Butuh waktu cukup lama untuk Regi tenang. Selain karena memang dia ketakutan juga disebabkan Barra yang demikian galak. Suaranya nyaring bikin Regi mengkerut lebih kecil lagi. Bukan seperti kurcaci, lebih parah, makin seperti liliput. Oke, Regi mulai gila dalam khayalnya. Saat ia mulai mendongak dengan mata yang masih buram akibat air mata, Barra duduk tak jauh darinya. Bersidekap melotot garang ke arahnya. Regi lebih baik menunduk lagi, lah. Menyembunyikan wajahnya yang sudah tak keruan dalam lututnya yang ditekuk.
“Mau sampai kapan?”
“Bapak galak.”
Barra mendengkus. “Usia berapa kamu? Cengeng banget.”
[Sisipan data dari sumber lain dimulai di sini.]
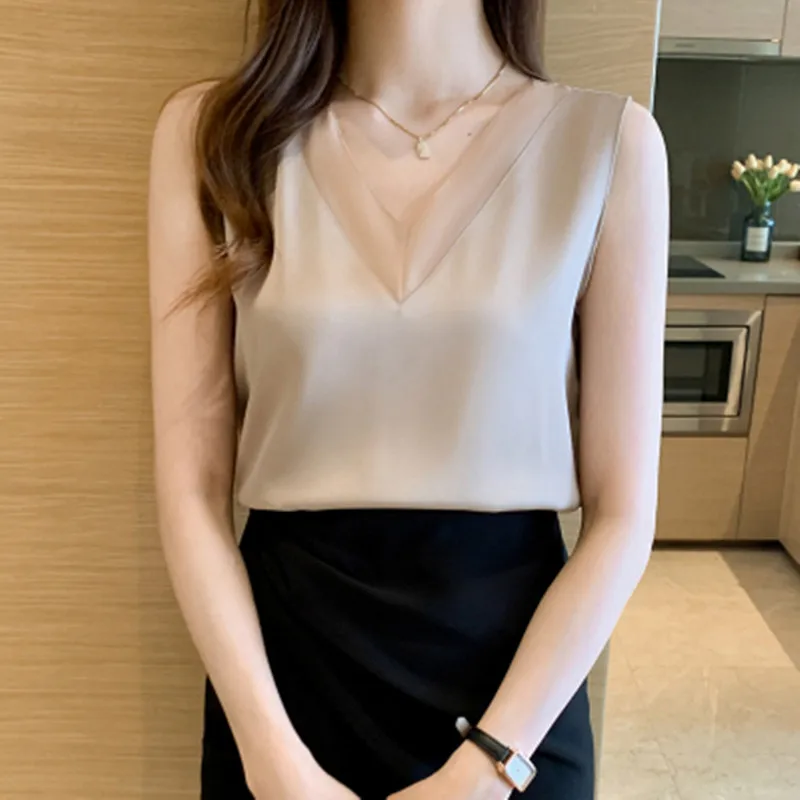Silk Tops for Women Satin Mesh Female Tank Top Sexy V-neck Woman Vest White Basic Plus Size Sleeveless clothing | Женская одежда
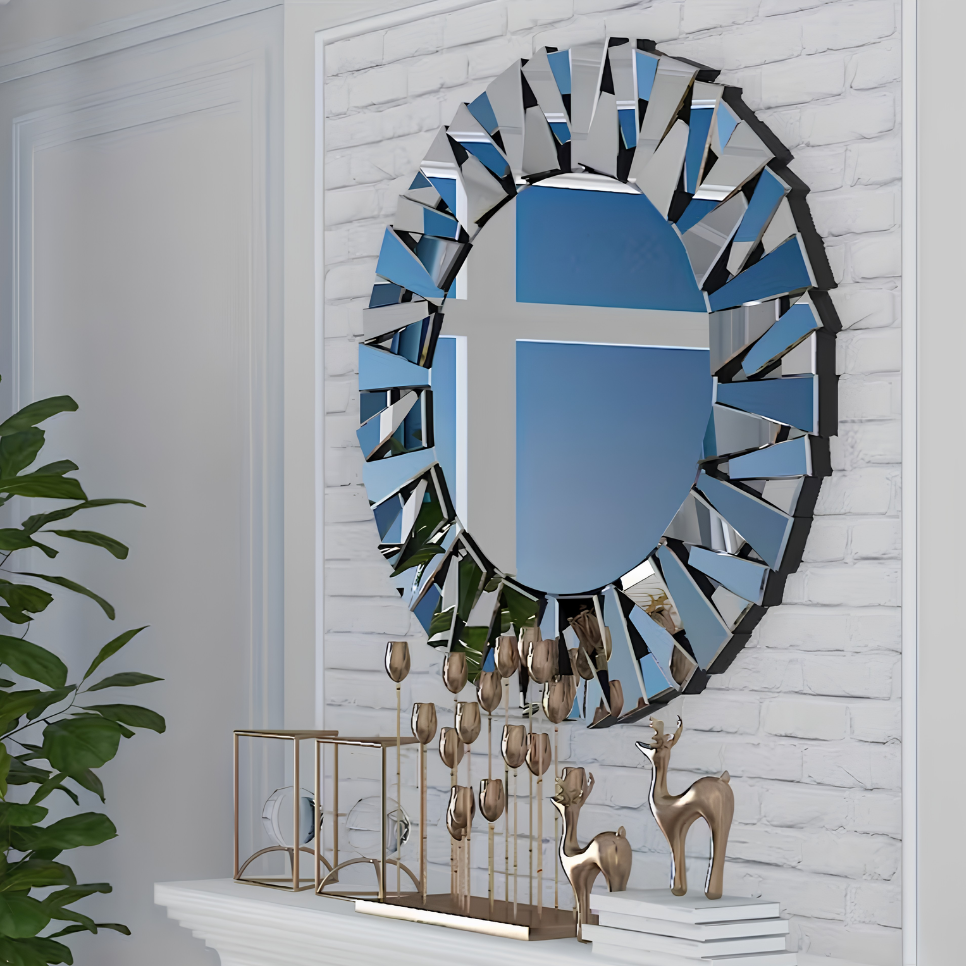 Miroir rond design soleil argenté biseauté | Hélios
Regi menyusut ingus. “Cengeng enggak pandang usia. Bapak aja yang keterlaluan! Jelas-jelas saya takut kucing. Bapak masih sodorin kucing nyebelin itu ke saya!”
Barra memutar bola matanya. “Memang kamu bilang?”
Regi semakin tenggelam menyembunyikan wajah. Menggerutu tak jelas juga mendumel sepanjang yang ia bisa karena tingkah Barra hari ini.